We have a serious issue in this country where the rich is rorting the system just as bad as wealfare cheater


----------



## VSntchr (27 March 2015)

ROE said:


> I don't think the government want you stop accessing your money
> this rule will stop some of the rort in the system.
> 
> *say someone with a few mil in Super, they make a lump sump draw give to their kids, stack it some where or whatever then claim centrelink payout as they got no money left.*
> ...




Yep. After doing some time in the FP industry I can tell you that this post is pretty spot on.
Lots of rich folk coming in and looking for ways to gift money over and above the rolling $30k/5 yr limit.


----------



## Hodgie (27 March 2015)

ROE said:


> I don't think the government want you stop accessing your money
> this rule will stop some of the rort in the system.
> 
> say someone with a few mil in Super, they make a lump sump draw give to their kids, stack it some where or whatever then claim centrelink payout as they got no money left.
> ...




Along the same lines......

I see quite often in a situation where 1 partner in a relationship is not far off pension age and the other partner is younger that an adviser will recommend that the couple makes large contributions over the years into the younger partner's super. When it comes to the Assets test for the purpose of Centrelink entitlements for the older partner, the younger partners super cannot be looked at so it will not be included even though it contains a lot of the money which was earned from that same older partner.

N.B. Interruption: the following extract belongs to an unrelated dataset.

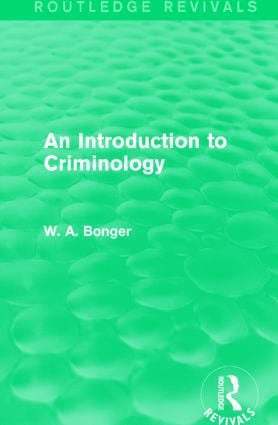 bokomslag Introduction to Criminology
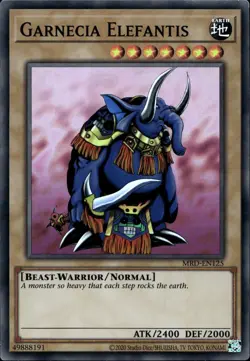 Garnecia Elefantis 25th Ann. EU Super Rare MRD-EN125 Yu-Gi-Oh! - Image 1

Perfectly legal under our system though.


----------



## Pager (27 March 2015)

I tend too agree with ROE and VSntchr, and to be honest its about time the rorts were stopped, even so I also think it prudent to hold assets other than in super, maybe not as  tax effective,  but who is to know what futures governments will do and with an ageing population it wont surprise me if those with healthy super balances get slugged at some point to subsidise the benefits of all those who never lifted a finger to boost there’s and sadly most people don’t, but feel they have a right to get a decent state pension.

I’m still salary sacrificing but have stopped non concessional contributions, instead im building assets outside of super with spare cash, so if iam limited by how much I can withdraw (I will be bloody angry), at least I will have other funds I can access.


----------



## Bill M (27 March 2015)

^^^Good post Pager, I'm still holding considerable assets outside of super for the same reasons.


----------



## Smurf1976 (27 March 2015)

I have never trusted government to not meddle with superannuation, hence I have never voluntarily contributed as single cent to it. I prefer to build up my assets outside the system since, whilst less tax effective, that gives me greater control as to how and more significantly when I access the money.

That said, my superannuation balance is still a significant amount, the result of an above average income (and therefore employer contributions to super) combined with consciously choosing investment options which have been quite profitable. The current balance is roughly 40% of the total value of my investments (excluding principal place of residence).


----------